Mais une réalité demeure têtue : la rémunération des agent·es n’a pas suivi. L’écart entre l’évolution des missions et la stagnation salariale crée une tension structurelle qui menace l’attractivité du secteur. Les revalorisations indiciaires récentes, bien que nécessaires, n’ont fait que compenser partiellement des années de décrochage. Les carrières restent lentes, les primes variables et inégalitaires, et l’accès aux grades supérieurs demeure trop souvent verrouillé par des quotas ou par des pratiques locales opaques.
Cette contradiction, injonction à l’innovation sans reconnaissance salariale, produit un malaise profond. On exige des agent·es une expertise croissante, mais on les paie comme si le métier était resté celui d’hier. Le résultat est visible : difficultés de recrutement, turn-over inédit, contractuel·les sous-payé·es, découragement des équipes. Le service public en pâtit directement.

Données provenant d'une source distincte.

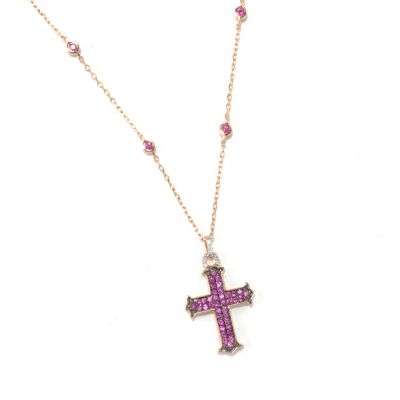 14K RG PINK SAPP CROSS PEND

Il est temps de considérer la rémunération non comme un coût, mais comme la condition de possibilité de bibliothèques ambitieuses. Cela implique : une revalorisation significative des grilles, un renforcement du régime indemnitaire pour l’aligner sur les autres filières culturelles et scientifiques, l’ouverture réelle des déroulements de carrière, et une lutte contre les disparités locales.
Les bibliothèques ne pourront pas continuer à porter des missions sociales, éducatives, académiques et démocratiques toujours plus lourdes sans un investissement clair dans celles et ceux qui les réalisent. Le discours sur « la modernité des bibliothèques » n’a de sens que s’il s’accompagne d’une reconnaissance concrète : salariale, statutaire, professionnelle. Faute de quoi, l’écart deviendra un gouffre.